A sweater has the function of keeping a person warm. It mimics the shape of the body and becomes a second skin, another layer of protection. Sweaters are depended on for warmth, comfort and, outward appearance. In representing a personal narrative of the disintegration of expectations, I decided to undo the protective covering. I created a tangible experience to show to myself the unreliability of this and other surrogates. Now when I approach my closet, I need to look elsewhere for what I once found in this sweater. I need to either buy a new sweater, wear my other sweaters more often, or simply be colder.

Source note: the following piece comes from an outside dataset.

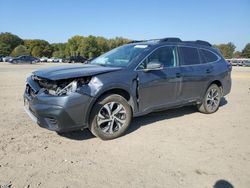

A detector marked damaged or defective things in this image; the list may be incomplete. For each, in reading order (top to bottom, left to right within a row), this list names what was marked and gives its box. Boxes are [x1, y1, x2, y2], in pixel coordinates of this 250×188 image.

crumpled hood [32, 64, 122, 80]
damaged front end [31, 75, 91, 95]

With the unraveled yarn from the sweater, I began to knit. I knit on circular needles, the piece moved around and around in a dizzying spiral. When the sweater had completely disappeared, I had a long tube on my needles. I had to react to the tube. Could I find a way for it to somehow function? Would it fit around me? Would it look ridiculous if I tried to wear it? Would it be better to let it go? Maybe I would be making a fool of myself by wearing it. Or would it make a neat little dress and would I become a fashion star from this tube that I am left with? Maybe it’s not as functionless as I thought, maybe it’s not something that has fallen apart, just something that has changed.
I wear the tube as a dress. It’s tight on my legs and I can’t walk. The top is too stretchy and it won’t stay up unless I hold it, gather up all the extra into a big clump and hold it in my fist. I feel trapped and exposed. Not quite fashion star-like but still I smile at the camera.